* _Web page caption snippets_
----

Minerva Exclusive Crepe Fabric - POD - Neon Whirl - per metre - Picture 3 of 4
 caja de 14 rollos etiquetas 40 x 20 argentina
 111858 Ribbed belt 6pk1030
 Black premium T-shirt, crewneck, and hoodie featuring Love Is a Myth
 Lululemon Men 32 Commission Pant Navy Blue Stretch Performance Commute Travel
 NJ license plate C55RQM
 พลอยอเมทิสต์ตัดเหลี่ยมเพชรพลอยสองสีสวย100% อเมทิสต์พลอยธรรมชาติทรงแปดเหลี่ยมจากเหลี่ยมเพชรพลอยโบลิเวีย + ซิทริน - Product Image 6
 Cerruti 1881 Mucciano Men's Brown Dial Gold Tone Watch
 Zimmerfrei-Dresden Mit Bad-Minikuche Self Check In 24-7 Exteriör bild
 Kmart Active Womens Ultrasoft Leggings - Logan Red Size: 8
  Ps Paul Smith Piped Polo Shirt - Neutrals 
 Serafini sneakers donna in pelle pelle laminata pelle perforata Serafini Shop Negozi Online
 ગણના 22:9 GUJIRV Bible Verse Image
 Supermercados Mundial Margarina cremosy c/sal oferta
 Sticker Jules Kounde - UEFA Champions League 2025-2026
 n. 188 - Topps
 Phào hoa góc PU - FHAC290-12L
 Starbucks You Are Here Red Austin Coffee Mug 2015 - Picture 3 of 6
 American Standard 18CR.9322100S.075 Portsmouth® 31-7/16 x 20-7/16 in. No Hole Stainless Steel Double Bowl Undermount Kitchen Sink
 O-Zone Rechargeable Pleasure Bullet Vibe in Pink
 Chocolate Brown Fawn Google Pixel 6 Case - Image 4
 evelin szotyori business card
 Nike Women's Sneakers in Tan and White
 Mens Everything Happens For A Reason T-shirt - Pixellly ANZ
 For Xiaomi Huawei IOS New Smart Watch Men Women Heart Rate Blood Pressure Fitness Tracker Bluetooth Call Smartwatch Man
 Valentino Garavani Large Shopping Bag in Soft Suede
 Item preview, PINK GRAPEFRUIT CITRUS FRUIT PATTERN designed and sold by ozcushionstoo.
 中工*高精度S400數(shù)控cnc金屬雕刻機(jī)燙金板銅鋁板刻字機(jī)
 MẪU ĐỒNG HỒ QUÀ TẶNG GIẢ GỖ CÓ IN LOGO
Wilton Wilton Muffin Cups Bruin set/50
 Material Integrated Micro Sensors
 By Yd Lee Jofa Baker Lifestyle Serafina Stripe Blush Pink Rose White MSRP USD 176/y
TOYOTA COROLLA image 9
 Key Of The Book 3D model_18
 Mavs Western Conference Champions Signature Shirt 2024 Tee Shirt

----

* _WORK INSTRUCTIONS_
Each record must be reproduced exactly. Keep every one.

* _WRITTEN ANSWER_
Minerva Exclusive Crepe Fabric - POD - Neon Whirl - per metre - Picture 3 of 4
 caja de 14 rollos etiquetas 40 x 20 argentina
 111858 Ribbed belt 6pk1030
 Black premium T-shirt, crewneck, and hoodie featuring Love Is a Myth
 Lululemon Men 32 Commission Pant Navy Blue Stretch Performance Commute Travel
 NJ license plate C55RQM
 พลอยอเมทิสต์ตัดเหลี่ยมเพชรพลอยสองสีสวย100% อเมทิสต์พลอยธรรมชาติทรงแปดเหลี่ยมจากเหลี่ยมเพชรพลอยโบลิเวีย + ซิทริน - Product Image 6
 Cerruti 1881 Mucciano Men's Brown Dial Gold Tone Watch
 Zimmerfrei-Dresden Mit Bad-Minikuche Self Check In 24-7 Exteriör bild
 Kmart Active Womens Ultrasoft Leggings - Logan Red Size: 8
  Ps Paul Smith Piped Polo Shirt - Neutrals 
 Serafini sneakers donna in pelle pelle laminata pelle perforata Serafini Shop Negozi Online
 ગણના 22:9 GUJIRV Bible Verse Image
 Supermercados Mundial Margarina cremosy c/sal oferta
 Sticker Jules Kounde - UEFA Champions League 2025-2026
 n. 188 - Topps
 Phào hoa góc PU - FHAC290-12L
 Starbucks You Are Here Red Austin Coffee Mug 2015 - Picture 3 of 6
 American Standard 18CR.9322100S.075 Portsmouth® 31-7/16 x 20-7/16 in. No Hole Stainless Steel Double Bowl Undermount Kitchen Sink
 O-Zone Rechargeable Pleasure Bullet Vibe in Pink
 Chocolate Brown Fawn Google Pixel 6 Case - Image 4
 evelin szotyori business card
 Nike Women's Sneakers in Tan and White
 Mens Everything Happens For A Reason T-shirt - Pixellly ANZ
 For Xiaomi Huawei IOS New Smart Watch Men Women Heart Rate Blood Pressure Fitness Tracker Bluetooth Call Smartwatch Man
 Valentino Garavani Large Shopping Bag in Soft Suede
 Item preview, PINK GRAPEFRUIT CITRUS FRUIT PATTERN designed and sold by ozcushionstoo.
 中工*高精度S400數(shù)控cnc金屬雕刻機(jī)燙金板銅鋁板刻字機(jī)
 MẪU ĐỒNG HỒ QUÀ TẶNG GIẢ GỖ CÓ IN LOGO
Wilton Wilton Muffin Cups Bruin set/50
 Material Integrated Micro Sensors
 By Yd Lee Jofa Baker Lifestyle Serafina Stripe Blush Pink Rose White MSRP USD 176/y
TOYOTA COROLLA image 9
 Key Of The Book 3D model_18
 Mavs Western Conference Champions Signature Shirt 2024 Tee Shirt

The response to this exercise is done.